Fishburn Hedges spokesman Peter Fitch said: "We are in the process of looking through the public consultation response to Gridlock or Growth. Essentially, the final decision is still there to be made for the West Midlands."
Mr Fitch said the Government recognised that large-scale road pricing schemes covering cities such as Birmingham or Manchester would take longer to implement. However, it was important to understand that approval for a small-scale scheme at Shrewsbury would not rule out region-wide projects.
"In terms of a potential Government decision making process, one does not rule out the other," Mr Fitch added.
Reaching a unanimous decision is likely to be a tricky process for the seven councils.
Conservative-led Coventry City Council is known to be apprehensive about public opposition to road pricing.
However, other councils, including Birmingham, point out that the chances of the West Midlands receiving substantial additional funding for buses, trains, trams and roads rests on a successful bid to the TIF.
Passenger transport authorities have begun to raise concerns about being "blackmailed" by the Government, with transport ministers making it clear that any application to the TIF must be accompanied by proposals for road pricing.
Gary Clarke, chairman of Centro, said: "The Government is trying to attach strings to this money.

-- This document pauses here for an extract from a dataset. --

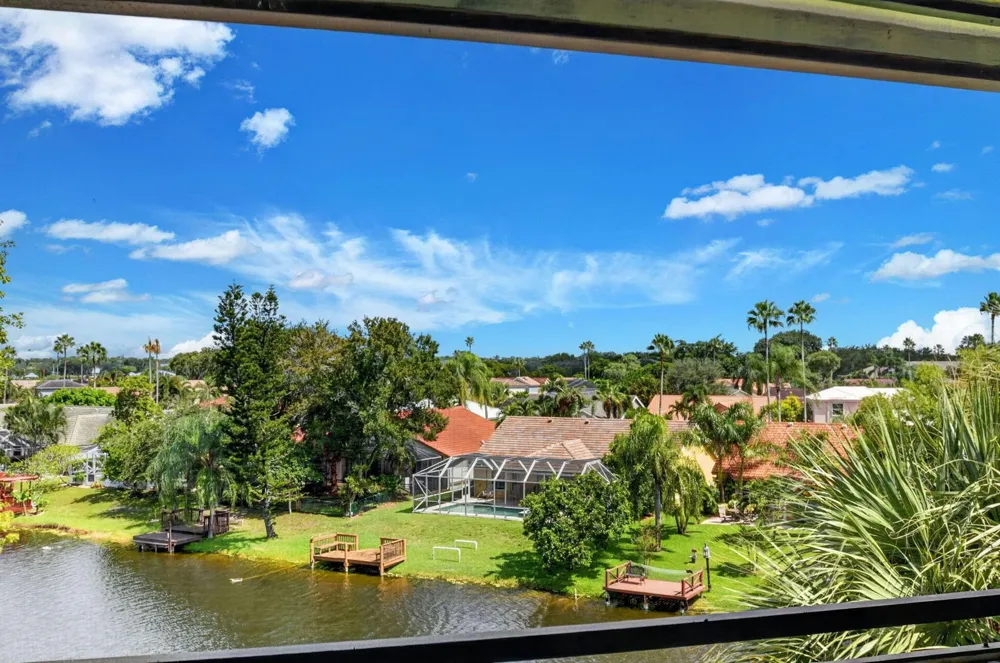 12524 SHORELINE DRIVE #404 Wellington, FL 33414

We were told that if we didn't put road pricing in our bid, it wouldn't help our case."
Centro chief executive Geoff Inskip said it was wrong to conclude that the West Midlands had missed out funding simply because the Government was minded to approve a smaller road pricing experiment in Shrewsbury, beginning in 2010.
Mr Inskip said Centro would publish plans for road pricing shortly.
"Doing nothing about the West Midlands' #2.2 billion congestion problem is not an option," Mr Inskip added.